--- START ---

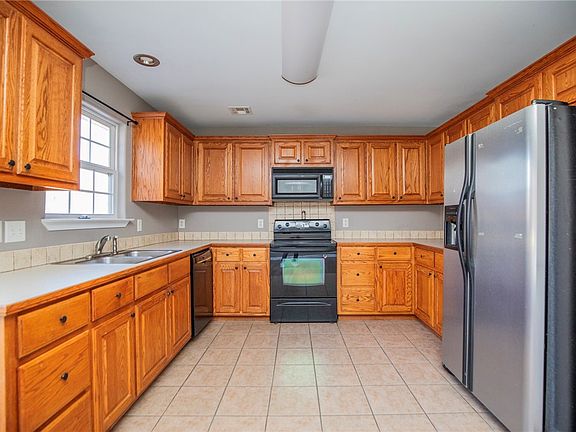 4th image of 14 Blairgowrie Cir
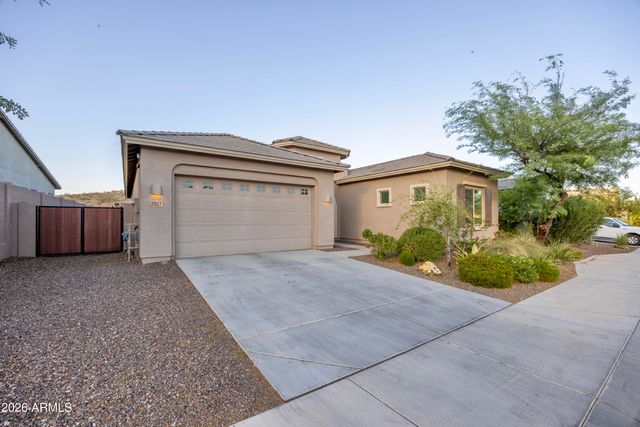2527 N 212TH Drive, Buckeye, AZ 85396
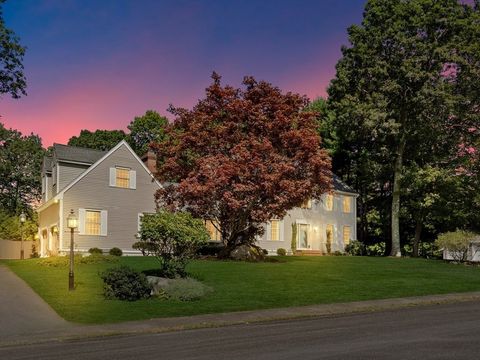 15 Wenlock Cir Easton MA 02356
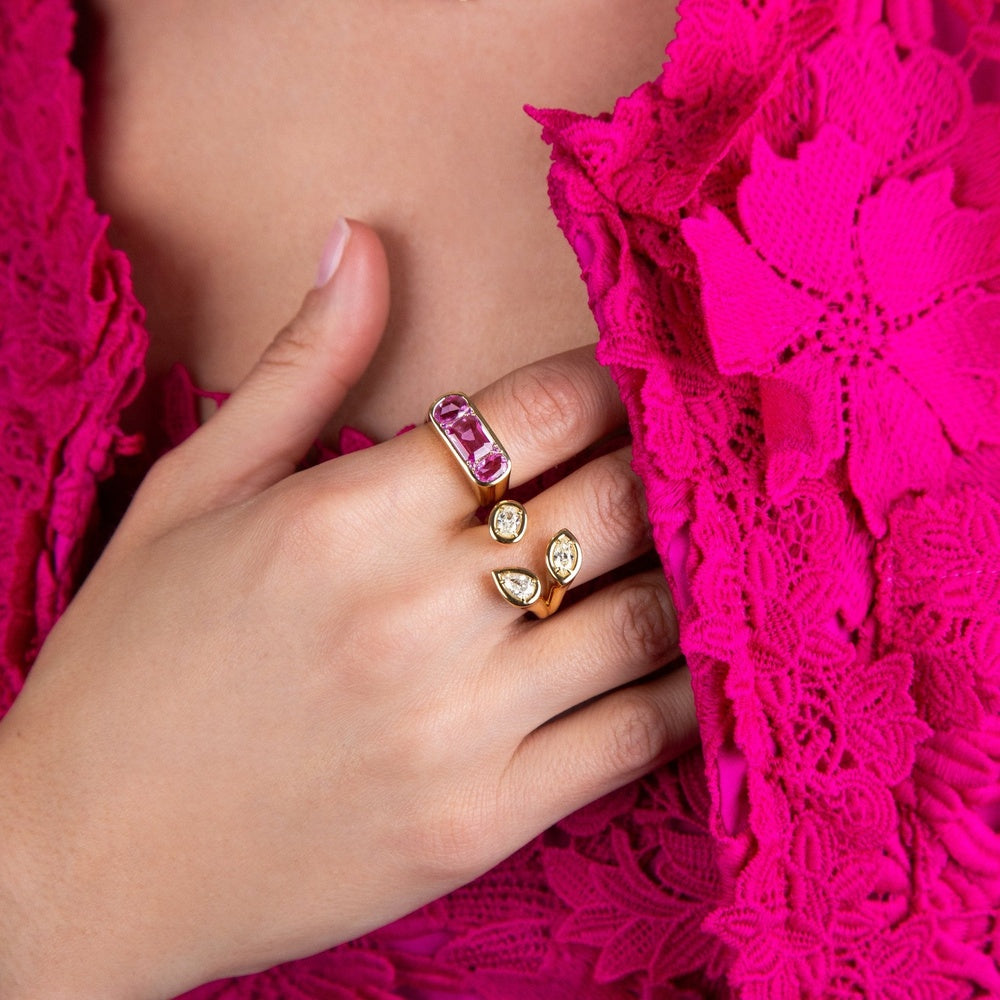 Ruchi New York - Dolce 2.72 Carat Pink Sapphire Bar Ring in 18K Yellow Gold - Ruchi New York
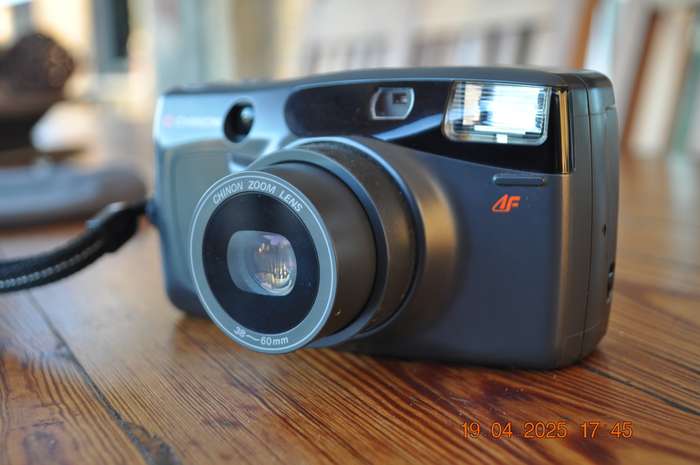 Chinon Pocket Zoom 35mm Film Camera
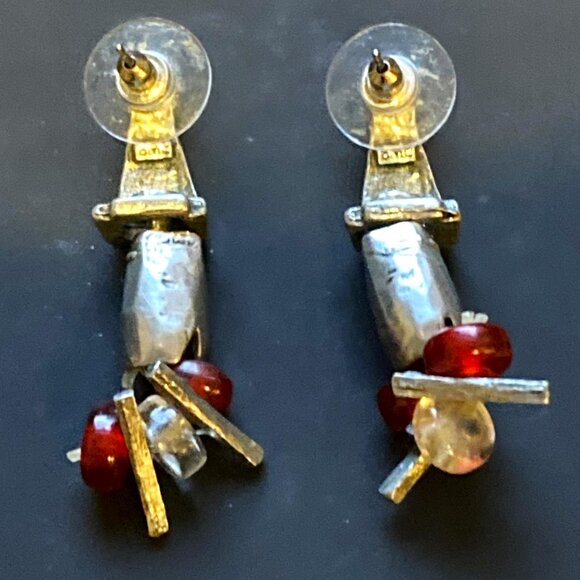 Terrific Anne-Marie Chagnon post earrings in pewter and glass - Picture 4 of 6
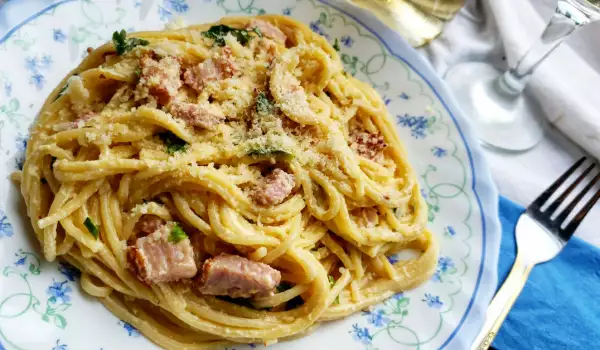 Spaghetti Carbonara with Bacon and Cream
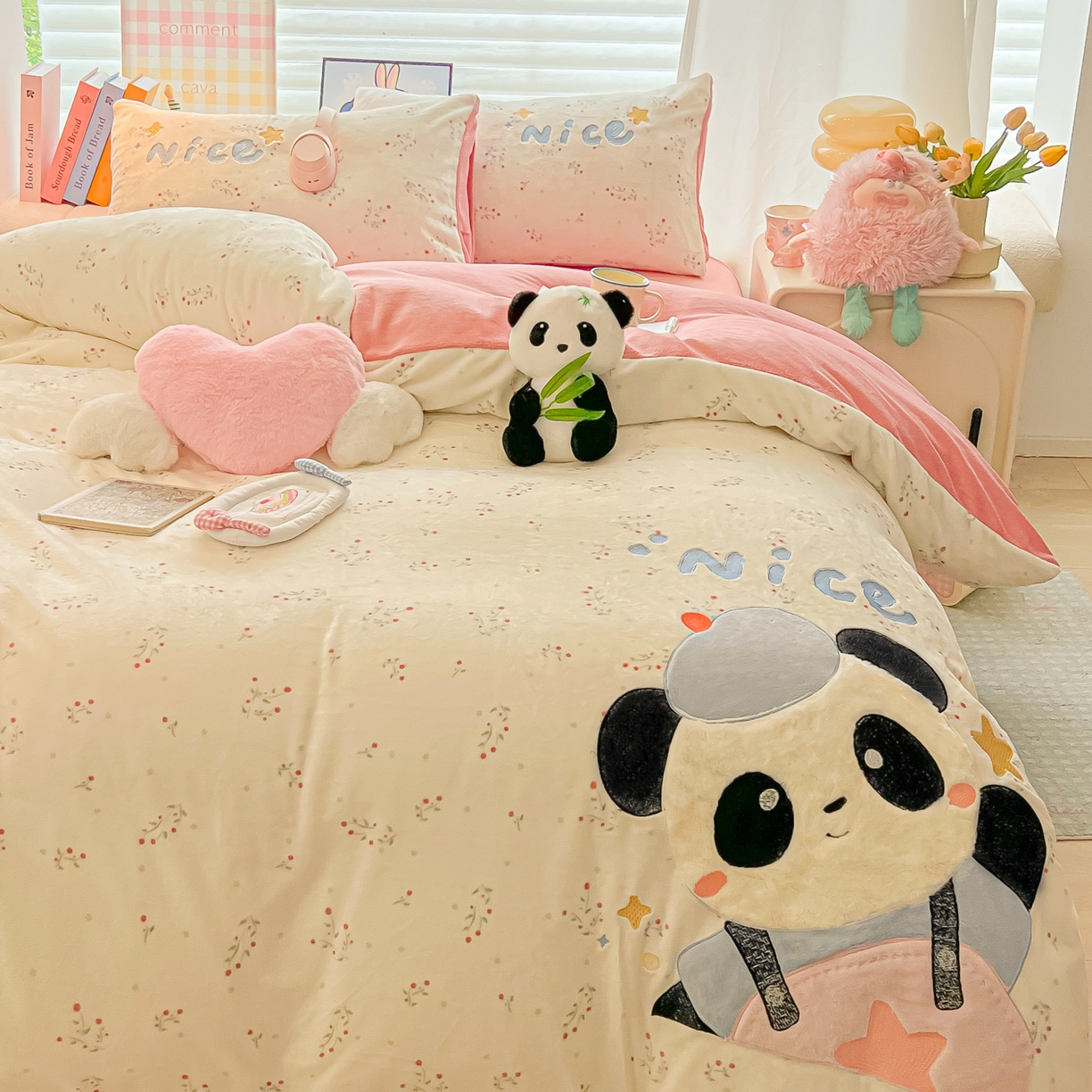 91家纺网 家纺一手货源 找家纺 子钦家纺 2025秋冬新款牛奶绒卡通贴布绣床单床笠四件套-快乐熊猫 快乐熊猫-小花园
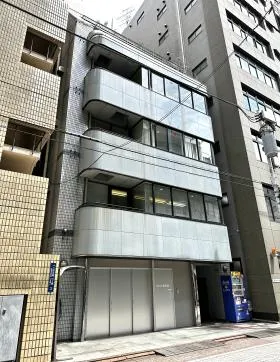 玉家ビルの外観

--- END ---

### Your task
Now repeat exactly the lines from the one with "15 Wenlock Cir Easton MA 02356" through the end of the listing above, both included, omitting all pictures.

### Expected answer
 15 Wenlock Cir Easton MA 02356
 Ruchi New York - Dolce 2.72 Carat Pink Sapphire Bar Ring in 18K Yellow Gold - Ruchi New York
 Chinon Pocket Zoom 35mm Film Camera
 Terrific Anne-Marie Chagnon post earrings in pewter and glass - Picture 4 of 6
 Spaghetti Carbonara with Bacon and Cream
 91家纺网 家纺一手货源 找家纺 子钦家纺 2025秋冬新款牛奶绒卡通贴布绣床单床笠四件套-快乐熊猫 快乐熊猫-小花园
 玉家ビルの外観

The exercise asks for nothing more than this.